Data Pre-Processing: Loan-Level Consolidation

Task outline

  1. Download from Fannie Mae’s Data Dynamics portal the single-family historical loan performance datasets corresponding to loans acquired in the most recent years (say 2018-2022). For more extensive analysis, download all the datasets starting year 2000. (Warning: The datasets are large). We recommend you first examine the Loan Performance Data Tutorial, the Sample File, and CRT Glossary and File Layout all available here.

  2. Filter the data to consider only on 30 year mortgages (the data already excludes adjustable rate and other less common mortgage types)

  3. Identify the static fields (those related to acquisition characteristics and unlikley to change my reporting period), the dynamic fileds (those likely to change by reporting period), and non-applicable fields that do not apply to fixed-rate mortgages.

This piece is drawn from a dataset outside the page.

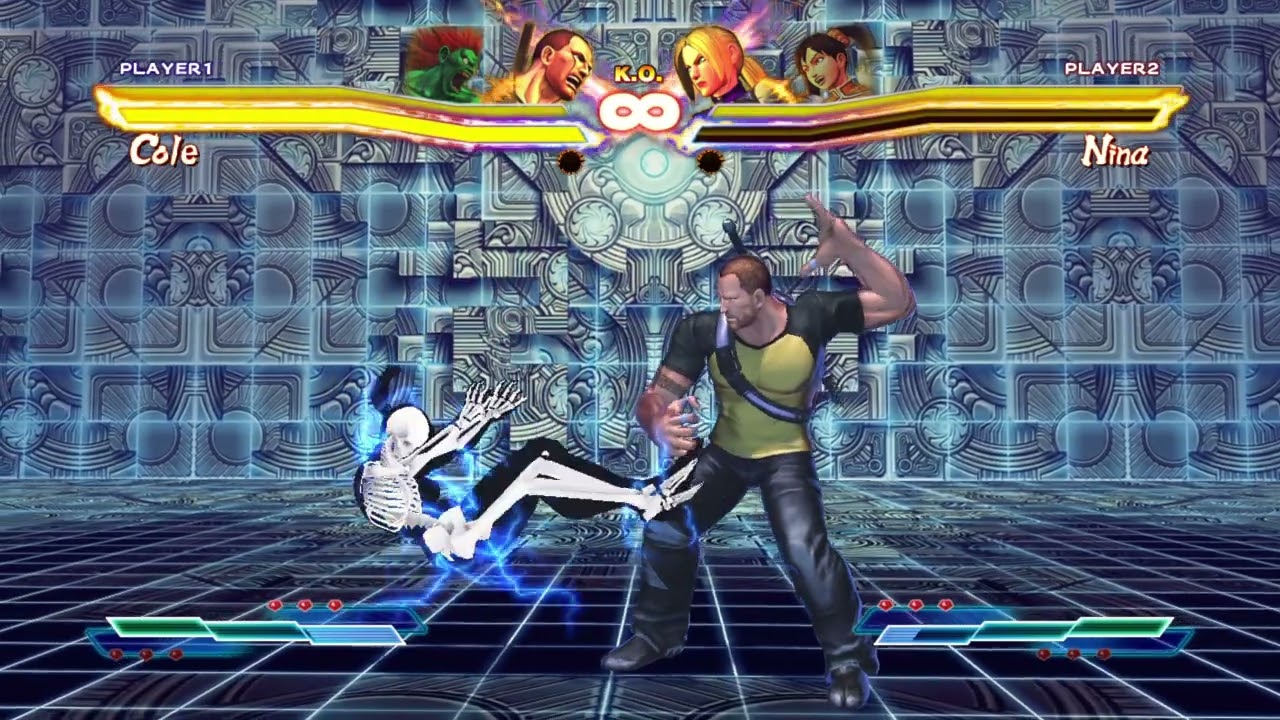 Street Fighter x Tekken - All Females Electrocuted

  4. Consolidate (aggregate) the data by Loan Identifier to create a single record per loan. In particular, extract the the first (available) data for static fields and the last available data for dynamic fields for each loan. Drop all non-applicable fields.

  5. Save the consolidated files by acquisition year.

  6. The year Fannie Mae acquired a loan may differ from the year the loan originated. For our purposes, it is more meaningful to conduct analysis by loan vintage (origination year). Therefore, you nneed to re-read the files saved in Step 5, split and re-combine them by acquisition year, and save the resuting files.